Historic or not, the end of McKevitt's career is heartening news for the survivors and relatives of the victims of the Omagh bomb. Twenty-nine people and two unborn babies died in that atrocity, the worst of the Troubles, whose fifth anniversary falls next week. The aim of the so-called Real IRA at the time of the bombing was clear: to destabilise the peace process. It did not succeed in that, but the misery it caused to the lives of so many people persists. Many of the victims are engaged in a civil action against leading republican dissidents to try to secure some justice for their loved ones. The police investigation into the Omagh outrage continues.

However a longer-term impact of this blow to republican dissidents, and one that would be truly historic, may well lie in its effect on the peace process. While most of Northern Ireland's political leaders are enjoying their holidays, little progress may be expected before the autumn. But then the British and Irish governments will begin again the process of nudging them towards a renewal of the power-sharing and cross-border arrangements, and, in particular, towards preparing the ground for those much delayed elections to the Northern Ireland Assembly.

It may seem eccentric to view the incarceration of McKevitt, a pure act of natural justice, as a "confidence-building measure", yet that is precisely what it is.

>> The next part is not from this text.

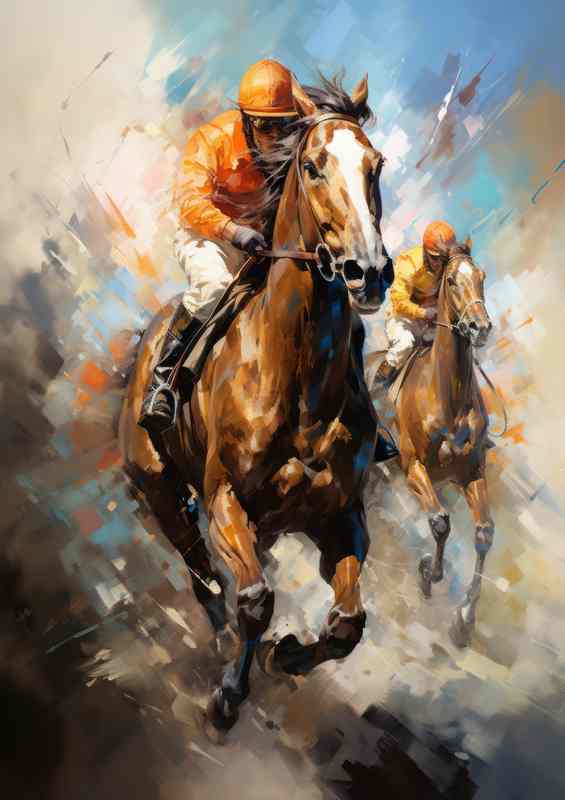Horses racing in a race track painted art style | Metal Poster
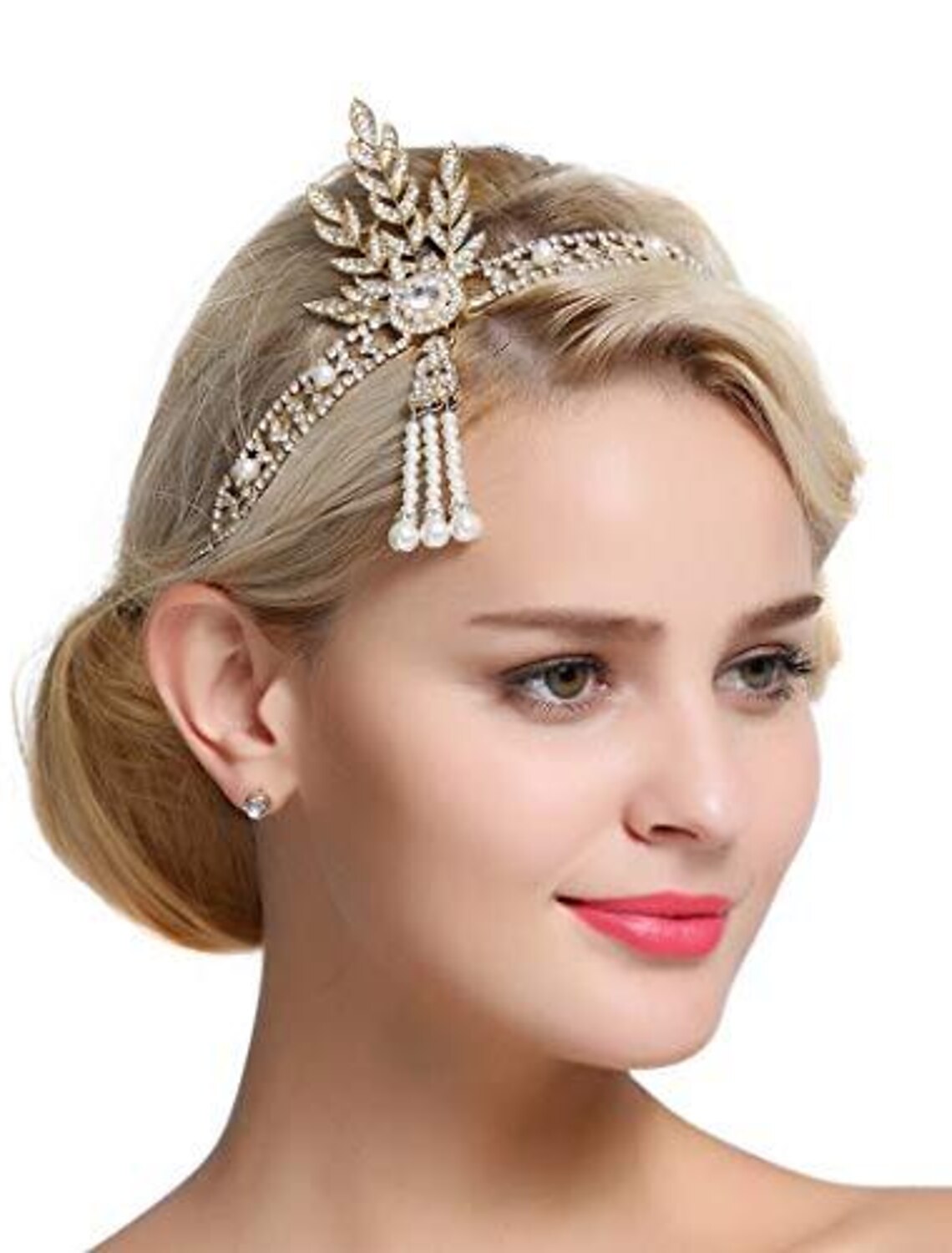 Art Deco 1920s gold leaf and pearl bridal tiara headband.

Unionists and nationalists alike will know that there is now that much less of a chance that they, their friends or their relatives will find themselves victims of sectarian violence. Their political leaders have the opportunity to use this small but important victory for the right ends.

Which leaves the precarious state of some of the parties themselves. There is a simple method of gauging the political health of each of the Northern Irish parties; the louder they call for fresh elections to the assembly, the better they expect to do. Thus it is that Sinn Fein is vocal in its demands for democracy to be restored rapidly, and David Trimble's Ulster Unionists seem content to insist on more movement on disarmament from the republicans before they are prepared to countenance the resumption of political business as usual.

A few weeks ago at a speech in London, Martin McGuinness, Sinn Fein's chief negotiator and the former minister of education in Northern Ireland, made a speech in which he, yet again, called on Tony Blair to press the Unionists to drop their demands. Mr McGuinness ought to understand better than most how difficult it is to pressure Unionists into doing anything. The threat to Mr Trimble from his own dissident MPs, Jeffrey Donaldson and David Burnside, is real.

The continued activities of the provisional IRA, embarrassingly highlighted by the current trials of suspected terrorists in Colombia, do not inspire Unionists to feel trust. Neither does the continued, if weaker, existence of the Real IRA and the Continuity IRA, both of which have been able to function intermittently during Mr McKevitt's absence in prison these past two years. Perhaps the revelation that Gerry Adams has been at real risk of assassination by republican dissidents will concentrate some minds in mainstream republican circles.